Offrir. Dieu n’a besoin de rien de notre part. Les mages ont offert leurs présents en geste de reconnaissance (reconnaissance au sens identificatoire et au sens de gratitude) : ils reconnaissent en lui le roi (or), le prêtre (encens), le Ressuscité qui passe par la mort (myrrhe). C’est beau ce geste, car d’ordinaire nos visites à Dieu, c’est pour demander des grâces « spéciales » (guérison, réussite…) et (presque) jamais pour lui faire un cadeau. Qu’offrir ? une prière furtive, une bougie allumée, une pièce dans la collecte ? Mieux encore offrons à Dieu notre vie, nos soucis, nos espoirs, le meilleur de ce que nous sommes. Pourquoi ne pas offrir un service à la communauté, à un frère ou une sœur dans le besoin, car avec Dieu ce n’est pas une question de portefeuille, c’est plus une question de cœur.
Quelle autre leçon tirer de cette fête ? Sommes-nous comme les mages ou comme Hérode et son entourage ? Est-ce que nous sommes des chercheurs de Dieu ? est-ce que nous sommes de ceux qui croient savoir ? est-ce que nous sommes installés dans nos certitudes de sorte qu’il n’y a plus moyen de « bouger » ? est-ce que nous sommes de ceux qui ne « marchent » plus ? est-ce que nous levons au moins les yeux en refusant d’être terre à terre, rivés sur les faux messianismes que nous offre notre société de consommation ? est-ce que nous prenons le temps de lire les Écritures et de nous les faire expliquer pour aller plus avant ? Notre foi doit rester « recherche ». Les signes sont là dans le ciel de nos vies privées comme dans le firmament des événements du monde.

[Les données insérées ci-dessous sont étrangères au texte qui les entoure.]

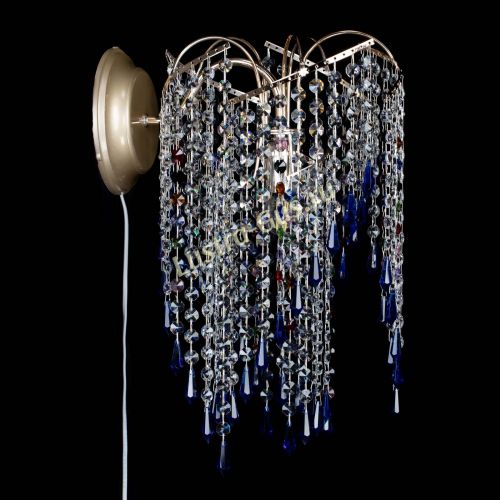 Бра Иволга №3 синяя в Кирове Гусь Хрустальный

La question est de savoir les apercevoir et les décoder, sans projeter nos propres idées fixes. Le décodeur ne peut être que la Parole de Dieu lue, méditée et célébrée dans l’assemblée liturgique et/ou dans la prière individuelle. De temps en temps l’étoile s’éclipse : c’est alors qu’il faut se pencher sur les Écritures avec plus de ferveur, ou aller se renseigner auprès de ceux qui « savent ». C’est alors qu’il faut aller adorer. Et nous serons à notre tour l’Étoile des mages pour notre monde, pour les autres qui cherchent la lumière et en trouveront le reflet sur nos visages, dans nos vies, dans nos familles, dans notre façon de témoigner et de rendre service.